The following text is from Patrik Rak and should be read together with the
postconf(5) manual that describes each configuration parameter in detail.

From user's point of view, oqmgr(8) and qmgr(8) are both the same, except for
how next message is chosen when delivery agent becomes available. You already
know that oqmgr(8) uses round-robin by destination while qmgr(8) uses simple
FIFO, except for some preemptive magic. The postconf(5) manual documents all
the knobs the user can use to control this preemptive magic - there is nothing
else to the preemption than the quite simple conditions described below.

As for programmer-level documentation, this will have to be extracted from all
those emails we have exchanged with Wietse [rats! I hoped that Patrik would do
the work for me -- Wietse] But I think there are no missing bits which we have
not mentioned in our conversations.

However, even from programmer's point of view, there is nothing more to add to
the message scheduling idea itself. There are few things which make it look
more complicated than it is, but the algorithm is the same as the user
perceives it. The summary of the differences of the programmer's view from the
user's view are:

 1. Simplification of terms for users: The user knows about messages and
    recipients. The program itself works with jobs (one message is split among
    several jobs, one per each transport needed to deliver the message) and
    queue entries (each entry may group several recipients for same
    destination). Then there is the peer structure introduced by qmgr(8) which
    is simply per-job analog of the queue structure.

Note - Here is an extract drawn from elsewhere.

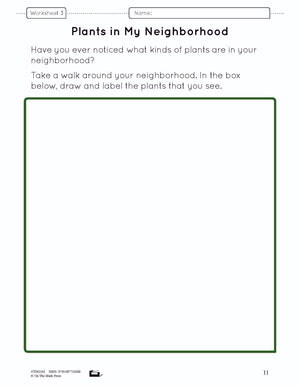 Plants Lesson Plan Grade 3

 2. Dealing with concurrency limits: The actual implementation is complicated
    by the fact that the messages (resp. jobs) may not be delivered in the
    exactly scheduled order because of the concurrency limits. It is necessary
    to skip some "blocker" jobs when the concurrency limit is reached and get
    back to them again when the limit permits.

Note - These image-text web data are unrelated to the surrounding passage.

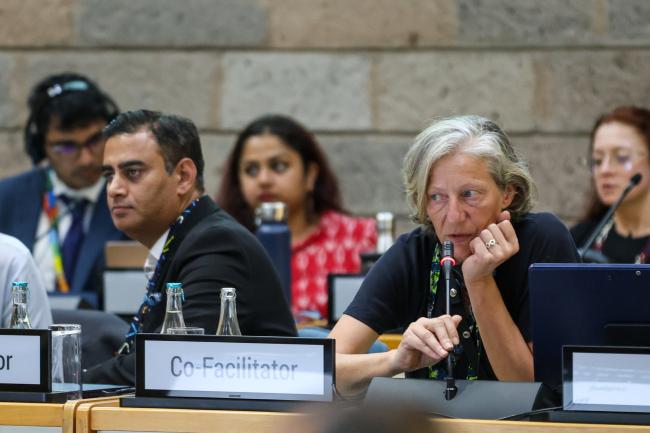 Working Group I: Cluster B Co-Facilitators Rohit Vadhwana, India, and Gudi Alkemade, Netherlands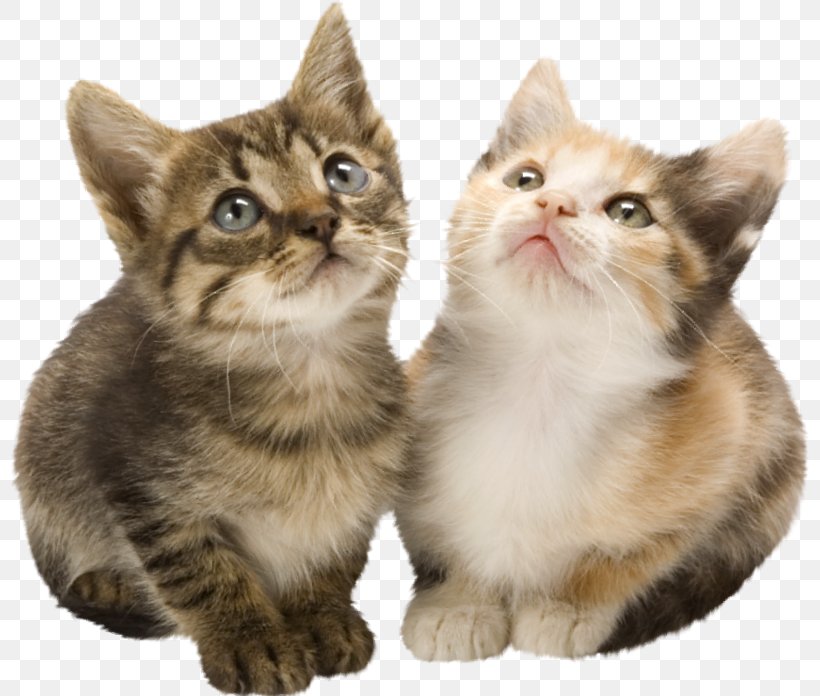 Cat Kitten Fencehouses Veterinarian, PNG, 800x696px, Cat, American Wirehair, Asian, Carnivoran, Cat Like Mammal Download Free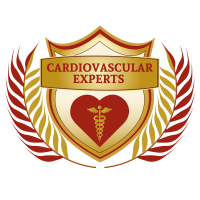 Cardiovascular Experts Logo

 3. Dealing with resource limits: The actual implementation is complicated by
    the fact that not all recipients may be read in-core. Therefore each
    message has some recipients in-core and some may remain on-file. This means
    that a) the preemptive algorithm needs to work with recipient count
    estimates instead of exact counts, b) there is extra code which needs to
    manipulate the per-transport pool of recipients which may be read in-core
    at the same time, and c) there is extra code which needs to be able to read
    recipients into core in batches and which is triggered at appropriate
    moments.

 4. Doing things efficiently: All important things I am aware of are done in
    the minimum time possible (either directly or at least when amortized
    complexity is used), but to choose which job is the best candidate for
    preempting the current job requires linear search of up to all transport
    jobs (the worst theoretical case - the reality is much better). As this is
    done every time the next queue entry to be delivered is about to be chosen,
    it seemed reasonable to add cache which minimizes the overhead. Maintenance
    of this candidate cache slightly obfuscates things.

The points 2 and 3 are those which made the implementation (look) complicated
and were the real coding work, but I believe that to understand the scheduling
algorithm itself (which was the real thinking work) is fairly easy.